On Monday, 80-percent of William Companies shareholders voted for the merger. Following the vote, Williams said that it would continue its legal fight for the merger with Energy Transfer Equity.
Wednesday morning, Williams Companies released a statement:
Williams issued the following statement:
"Williams does not believe ETE had a right to terminate the Merger Agreement because ETE breached the Merger Agreement by (among other reasons) failing to cooperate and use necessary efforts to satisfy the conditions to closing, including delivery of Latham & Watkins LLP’s Section 721(a) tax opinion. Accordingly, on June 27, 2016, Williams filed an appeal with the Delaware Supreme Court in connection with the Delaware Court of Chancery's June 24, 2016 ruling relating to the Merger Agreement between Williams and ETE.

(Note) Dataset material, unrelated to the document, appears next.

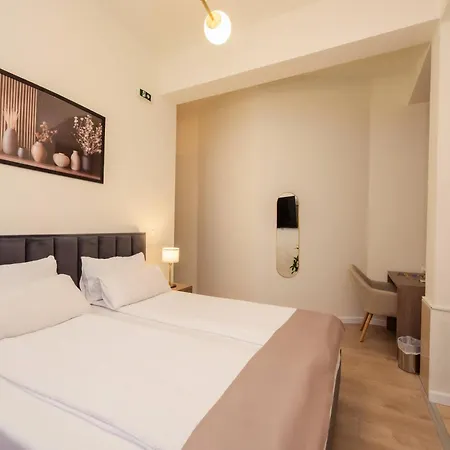 Mb Hotel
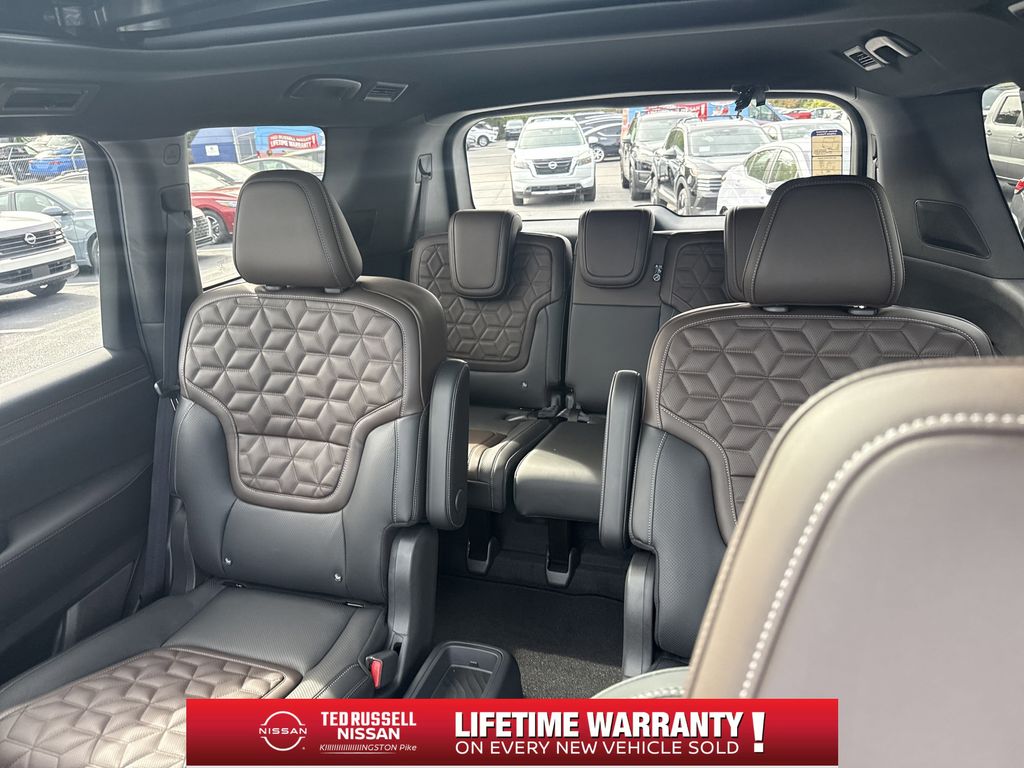 2026 Nissan Armada Platinum - Photo 27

Williams recognizes the practical fact that ETE has refused to close the merger. Williams has concluded that it is in the best interests of its stockholders to seek, among other remedies, monetary damages from ETE for its breaches. So, while taking appropriate actions to enforce its rights and deliver benefits of the Merger Agreement to its stockholders, Williams will renew its focus on connecting the best natural gas supplies to the best markets.
Williams remains well-positioned to meet the rapidly growing demand for natural gas and experience significant fee-based growth. Williams’ focus on fee-based revenue has produced strong cash flow, and looking forward, Williams expects continued growth from its portfolio of large scale demand driven projects and a fully contracted natural gas transmission business coming on in the balance of 2016, 2017 and 2018."
Last September, Energy Transfer Equity announced it would buy Williams Companies in a cash-and-stock deal valued at about $33 billion.